SEC charges 36 firms with bond market violations
By Sue Reisinger, From Corporate Counsel
Banking in-house counsel have been waiting for another shoe to drop, and Thursday it landed—but softly. The U.S. Securities and Exchange Commission said it took action against 36 underwriting firms for violating rules in the $3.7 trillion municipal bond market.
The firms will pay civil penalties ranging from $40,000 to $500,000, based on the number and size of the fraudulent offerings, and on the size of the firm.
Ten companies agreed to pay the maximum $500,000 penalty. That is a relatively small amount compared with other recent bank fines that have reached more than $1 billion, but those fines were for more serious infractions.
In addition, the firms agreed to cease and desist from any similar violations in the future, and to retain an independent consultant to conduct a compliance review and take reasonable steps to implement the consultant’s recommendations. The 36 companies did not admit or deny the findings against them.

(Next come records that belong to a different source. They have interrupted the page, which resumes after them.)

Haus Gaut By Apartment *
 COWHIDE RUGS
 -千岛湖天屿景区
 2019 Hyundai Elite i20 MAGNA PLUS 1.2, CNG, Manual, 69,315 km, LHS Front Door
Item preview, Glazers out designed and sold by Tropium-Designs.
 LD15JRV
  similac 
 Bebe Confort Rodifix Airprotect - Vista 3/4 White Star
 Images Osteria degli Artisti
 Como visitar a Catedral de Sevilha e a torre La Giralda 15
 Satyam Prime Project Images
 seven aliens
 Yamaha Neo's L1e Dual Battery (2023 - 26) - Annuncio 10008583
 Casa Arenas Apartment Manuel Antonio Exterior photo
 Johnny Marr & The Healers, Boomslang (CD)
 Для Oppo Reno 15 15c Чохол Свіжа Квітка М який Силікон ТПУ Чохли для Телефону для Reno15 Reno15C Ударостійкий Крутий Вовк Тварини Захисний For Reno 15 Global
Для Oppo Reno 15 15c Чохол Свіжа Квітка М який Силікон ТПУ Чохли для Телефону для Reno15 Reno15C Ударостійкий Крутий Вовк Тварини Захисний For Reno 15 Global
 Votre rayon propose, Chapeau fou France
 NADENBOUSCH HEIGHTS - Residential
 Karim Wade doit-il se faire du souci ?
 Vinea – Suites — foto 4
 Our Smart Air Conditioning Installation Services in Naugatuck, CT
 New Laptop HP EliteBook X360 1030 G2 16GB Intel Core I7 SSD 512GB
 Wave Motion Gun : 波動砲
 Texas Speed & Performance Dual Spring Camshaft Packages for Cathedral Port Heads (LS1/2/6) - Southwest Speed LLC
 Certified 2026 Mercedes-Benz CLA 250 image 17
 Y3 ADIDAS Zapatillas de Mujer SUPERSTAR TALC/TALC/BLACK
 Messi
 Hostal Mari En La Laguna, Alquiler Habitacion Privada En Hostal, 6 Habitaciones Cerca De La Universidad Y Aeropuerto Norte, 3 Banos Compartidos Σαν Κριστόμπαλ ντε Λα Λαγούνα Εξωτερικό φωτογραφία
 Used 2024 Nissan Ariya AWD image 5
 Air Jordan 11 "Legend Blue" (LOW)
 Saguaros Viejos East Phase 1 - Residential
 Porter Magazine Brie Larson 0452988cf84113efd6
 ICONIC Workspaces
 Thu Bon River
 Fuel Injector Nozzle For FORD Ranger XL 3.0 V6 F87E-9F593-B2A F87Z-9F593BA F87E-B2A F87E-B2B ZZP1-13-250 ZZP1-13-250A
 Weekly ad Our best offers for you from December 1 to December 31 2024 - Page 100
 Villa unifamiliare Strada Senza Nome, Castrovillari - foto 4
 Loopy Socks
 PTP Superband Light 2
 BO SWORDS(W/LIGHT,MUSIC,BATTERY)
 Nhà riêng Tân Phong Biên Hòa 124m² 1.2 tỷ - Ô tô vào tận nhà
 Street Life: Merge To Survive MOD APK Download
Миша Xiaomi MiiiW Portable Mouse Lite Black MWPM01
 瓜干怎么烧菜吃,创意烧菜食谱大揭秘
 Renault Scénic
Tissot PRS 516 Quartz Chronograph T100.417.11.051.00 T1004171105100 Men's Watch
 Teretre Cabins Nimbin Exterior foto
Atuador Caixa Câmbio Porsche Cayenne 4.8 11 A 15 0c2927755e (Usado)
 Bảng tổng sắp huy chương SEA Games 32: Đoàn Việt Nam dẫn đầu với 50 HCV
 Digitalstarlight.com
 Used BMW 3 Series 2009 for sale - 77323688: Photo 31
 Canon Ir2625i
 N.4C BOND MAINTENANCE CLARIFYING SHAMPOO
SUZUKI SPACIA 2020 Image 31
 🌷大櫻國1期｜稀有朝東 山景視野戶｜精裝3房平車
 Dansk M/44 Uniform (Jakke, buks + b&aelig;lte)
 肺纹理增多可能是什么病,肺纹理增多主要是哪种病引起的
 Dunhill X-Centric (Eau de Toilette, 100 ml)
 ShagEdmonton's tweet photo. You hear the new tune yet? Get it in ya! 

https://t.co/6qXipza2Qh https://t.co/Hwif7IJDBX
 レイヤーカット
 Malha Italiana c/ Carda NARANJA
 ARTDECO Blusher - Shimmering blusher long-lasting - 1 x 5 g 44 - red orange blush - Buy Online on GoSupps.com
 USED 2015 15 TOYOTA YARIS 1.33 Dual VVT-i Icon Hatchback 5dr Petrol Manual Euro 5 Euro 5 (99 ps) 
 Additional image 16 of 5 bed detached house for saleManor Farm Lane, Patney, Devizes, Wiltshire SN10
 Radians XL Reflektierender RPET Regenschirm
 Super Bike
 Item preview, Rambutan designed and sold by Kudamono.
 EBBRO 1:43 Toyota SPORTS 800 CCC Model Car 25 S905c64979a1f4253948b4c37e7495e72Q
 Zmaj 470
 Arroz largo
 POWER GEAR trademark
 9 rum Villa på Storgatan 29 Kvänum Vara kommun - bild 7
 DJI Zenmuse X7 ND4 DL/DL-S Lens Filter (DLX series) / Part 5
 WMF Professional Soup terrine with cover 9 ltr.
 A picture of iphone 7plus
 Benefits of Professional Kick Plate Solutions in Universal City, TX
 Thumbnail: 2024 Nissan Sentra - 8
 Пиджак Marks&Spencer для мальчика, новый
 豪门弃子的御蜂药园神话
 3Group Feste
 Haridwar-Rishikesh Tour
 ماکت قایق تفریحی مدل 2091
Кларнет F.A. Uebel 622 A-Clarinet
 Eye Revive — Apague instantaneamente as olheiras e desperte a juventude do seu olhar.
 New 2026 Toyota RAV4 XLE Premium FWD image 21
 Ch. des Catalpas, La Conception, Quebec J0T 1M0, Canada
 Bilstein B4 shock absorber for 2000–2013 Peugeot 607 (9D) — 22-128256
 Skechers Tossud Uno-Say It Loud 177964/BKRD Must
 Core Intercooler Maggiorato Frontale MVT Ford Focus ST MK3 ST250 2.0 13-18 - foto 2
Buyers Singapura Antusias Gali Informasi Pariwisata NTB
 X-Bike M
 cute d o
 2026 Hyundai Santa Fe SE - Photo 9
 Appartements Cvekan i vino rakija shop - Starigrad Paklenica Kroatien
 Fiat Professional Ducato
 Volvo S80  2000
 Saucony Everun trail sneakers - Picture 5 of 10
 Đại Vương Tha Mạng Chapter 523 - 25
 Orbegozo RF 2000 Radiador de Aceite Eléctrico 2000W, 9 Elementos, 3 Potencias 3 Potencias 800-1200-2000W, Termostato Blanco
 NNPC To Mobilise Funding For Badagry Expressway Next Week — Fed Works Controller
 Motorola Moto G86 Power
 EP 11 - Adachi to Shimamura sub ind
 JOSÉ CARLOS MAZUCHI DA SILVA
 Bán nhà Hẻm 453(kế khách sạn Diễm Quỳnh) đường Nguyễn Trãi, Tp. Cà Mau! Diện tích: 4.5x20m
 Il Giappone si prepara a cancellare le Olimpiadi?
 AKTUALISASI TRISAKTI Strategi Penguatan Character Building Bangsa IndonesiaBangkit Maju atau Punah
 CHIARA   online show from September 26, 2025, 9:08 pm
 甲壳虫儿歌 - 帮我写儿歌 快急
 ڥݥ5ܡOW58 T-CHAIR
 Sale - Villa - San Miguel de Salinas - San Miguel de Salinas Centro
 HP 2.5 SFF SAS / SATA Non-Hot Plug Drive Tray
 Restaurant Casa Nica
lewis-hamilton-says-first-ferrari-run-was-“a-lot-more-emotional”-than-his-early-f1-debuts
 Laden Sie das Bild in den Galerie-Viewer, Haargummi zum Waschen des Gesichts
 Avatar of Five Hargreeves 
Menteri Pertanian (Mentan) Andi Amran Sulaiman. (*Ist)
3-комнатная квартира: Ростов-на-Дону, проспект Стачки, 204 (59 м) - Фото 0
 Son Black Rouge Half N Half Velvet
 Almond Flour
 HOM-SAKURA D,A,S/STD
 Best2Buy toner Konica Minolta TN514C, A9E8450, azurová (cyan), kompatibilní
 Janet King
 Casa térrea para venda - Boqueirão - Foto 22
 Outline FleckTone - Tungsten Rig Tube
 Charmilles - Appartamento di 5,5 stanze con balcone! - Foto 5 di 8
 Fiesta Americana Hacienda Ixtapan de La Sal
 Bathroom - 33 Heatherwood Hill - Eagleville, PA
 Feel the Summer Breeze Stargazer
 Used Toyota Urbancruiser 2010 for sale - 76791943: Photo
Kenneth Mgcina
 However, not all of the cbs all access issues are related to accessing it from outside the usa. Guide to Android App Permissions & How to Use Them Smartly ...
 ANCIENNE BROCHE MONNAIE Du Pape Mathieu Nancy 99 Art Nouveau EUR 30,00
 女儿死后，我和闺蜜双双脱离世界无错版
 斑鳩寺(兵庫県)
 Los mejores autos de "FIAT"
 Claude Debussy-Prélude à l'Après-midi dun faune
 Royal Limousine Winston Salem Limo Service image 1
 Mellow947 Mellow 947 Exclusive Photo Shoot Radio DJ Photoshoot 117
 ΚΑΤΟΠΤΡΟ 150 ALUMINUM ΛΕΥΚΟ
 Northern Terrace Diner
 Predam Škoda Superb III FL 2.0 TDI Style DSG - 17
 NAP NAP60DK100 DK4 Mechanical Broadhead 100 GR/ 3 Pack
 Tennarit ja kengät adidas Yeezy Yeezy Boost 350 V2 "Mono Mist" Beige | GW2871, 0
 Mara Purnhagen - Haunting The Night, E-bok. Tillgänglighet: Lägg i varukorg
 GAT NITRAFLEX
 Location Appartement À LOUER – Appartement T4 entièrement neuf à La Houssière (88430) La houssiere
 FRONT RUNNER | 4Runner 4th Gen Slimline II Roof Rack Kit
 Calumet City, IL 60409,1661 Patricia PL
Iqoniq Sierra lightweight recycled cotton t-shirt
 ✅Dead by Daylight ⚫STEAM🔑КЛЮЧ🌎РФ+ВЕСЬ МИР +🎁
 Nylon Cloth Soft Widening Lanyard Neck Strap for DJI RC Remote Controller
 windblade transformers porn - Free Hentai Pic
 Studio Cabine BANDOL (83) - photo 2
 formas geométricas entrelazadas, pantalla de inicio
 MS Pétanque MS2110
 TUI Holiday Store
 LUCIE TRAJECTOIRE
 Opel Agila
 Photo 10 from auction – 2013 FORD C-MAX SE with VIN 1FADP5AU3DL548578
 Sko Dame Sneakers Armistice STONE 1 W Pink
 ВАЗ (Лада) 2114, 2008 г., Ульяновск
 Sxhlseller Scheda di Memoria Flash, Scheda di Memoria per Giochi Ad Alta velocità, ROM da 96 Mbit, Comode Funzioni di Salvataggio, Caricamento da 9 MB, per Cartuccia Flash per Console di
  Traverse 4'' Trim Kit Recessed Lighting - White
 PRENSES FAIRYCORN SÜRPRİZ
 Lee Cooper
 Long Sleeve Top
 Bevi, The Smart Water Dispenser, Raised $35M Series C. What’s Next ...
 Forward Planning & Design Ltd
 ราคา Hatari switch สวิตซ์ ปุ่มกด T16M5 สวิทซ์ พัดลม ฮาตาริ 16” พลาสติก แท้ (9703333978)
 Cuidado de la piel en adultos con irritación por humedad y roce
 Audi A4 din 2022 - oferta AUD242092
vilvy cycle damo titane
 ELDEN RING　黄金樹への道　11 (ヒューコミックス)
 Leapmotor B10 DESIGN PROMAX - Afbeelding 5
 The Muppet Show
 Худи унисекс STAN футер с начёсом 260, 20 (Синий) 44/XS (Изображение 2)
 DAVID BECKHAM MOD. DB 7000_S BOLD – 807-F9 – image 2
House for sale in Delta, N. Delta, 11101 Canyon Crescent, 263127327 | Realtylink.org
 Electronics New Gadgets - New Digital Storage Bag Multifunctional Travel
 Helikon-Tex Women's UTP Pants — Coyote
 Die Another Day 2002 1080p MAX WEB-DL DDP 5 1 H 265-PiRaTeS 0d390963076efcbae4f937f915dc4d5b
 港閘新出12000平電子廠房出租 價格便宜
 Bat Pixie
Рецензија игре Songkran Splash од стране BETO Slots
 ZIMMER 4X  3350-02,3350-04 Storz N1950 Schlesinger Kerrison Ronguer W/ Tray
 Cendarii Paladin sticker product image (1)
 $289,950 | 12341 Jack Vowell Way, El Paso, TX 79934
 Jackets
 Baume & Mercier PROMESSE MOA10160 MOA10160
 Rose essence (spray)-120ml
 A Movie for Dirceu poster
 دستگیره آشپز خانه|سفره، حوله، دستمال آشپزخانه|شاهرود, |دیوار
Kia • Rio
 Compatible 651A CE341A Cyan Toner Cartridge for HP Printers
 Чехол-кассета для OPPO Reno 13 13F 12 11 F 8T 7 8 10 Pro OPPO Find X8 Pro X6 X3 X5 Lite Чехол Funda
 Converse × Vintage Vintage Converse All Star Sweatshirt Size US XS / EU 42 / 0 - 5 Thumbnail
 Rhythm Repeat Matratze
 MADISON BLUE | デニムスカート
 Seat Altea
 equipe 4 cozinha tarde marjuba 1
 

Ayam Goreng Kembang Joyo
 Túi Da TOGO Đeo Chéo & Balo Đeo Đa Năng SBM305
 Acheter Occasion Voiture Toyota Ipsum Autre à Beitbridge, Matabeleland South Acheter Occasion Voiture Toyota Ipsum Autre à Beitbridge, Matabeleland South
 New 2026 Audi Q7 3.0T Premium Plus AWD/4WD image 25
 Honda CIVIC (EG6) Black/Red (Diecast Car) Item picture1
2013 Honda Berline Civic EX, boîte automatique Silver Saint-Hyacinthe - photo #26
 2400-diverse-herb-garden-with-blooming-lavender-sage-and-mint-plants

Among the names were some familiar ones to anyone following recent SEC and U.S. Department of Justice actions against major banks, along with some less-familiar ones.
Agreeing to pay the maximum penalty were:
Citigroup Global Markets Inc.
Goldman, Sachs & Co.
J.P. Morgan Securities
Bank of America/Merrill Lynch, Pierce, Fenner & Smith Inc.
Morgan Stanley & Co.
Minneapolis-based Piper Jaffray & Co.
St. Petersburg, Florida-based Raymond James & Associates Inc.
RBC Capital Markets, part of the Royal Bank of Canada
Milwaukee-based Robert W. Baird & Co. Inc.
St. Louis-based Stifel, Nicolaus & Co. Inc.
Coincidentally Stifel had announced June 8 that it was acquiring Barclays’ wealth and investment management in the Americas.
Contacted by CorpCounsel.com, Scott Helfman at Citigroup said, “We are pleased to have the matter resolved.” Goldman Sachs, J.P. Morgan, Merrill Lynch, Morgan Stanley and Raymond James all declined to comment. The four other firms didn’t immediately respond to messages.
A list of all 36 firms and their penalty amounts is available on the SEC website.
The SEC alleged that between 2010 and 2014 those firms violated federal securities laws by selling municipal bonds using documents that contained materially false statements or omissions about the bond issuers’ compliance with disclosure rules. The companies also allegedly failed to conduct adequate due diligence to identify the misstatements and omissions.
The cases are the first brought against underwriters under the Municipalities Continuing Disclosure Cooperation (MCDC) Initiative, a voluntary self-reporting program targeting material misstatements and omissions in municipal bond offerings.
The initiative, announced in March 2014, offers favorable settlement terms to municipal bond underwriters and issuers that self-report securities law violations, as these companies did—hence the “soft” landing of the shoe.
“The MCDC initiative has already resulted in significant improvements to the municipal securities market, including heightened awareness of issuers’ disclosure obligations and enhanced disclosure policies and procedures,” said SEC Chairwoman Mary Jo White in a statement. “This ongoing enforcement initiative will continue to bring lasting changes to the municipal securities markets for the benefit of investors.”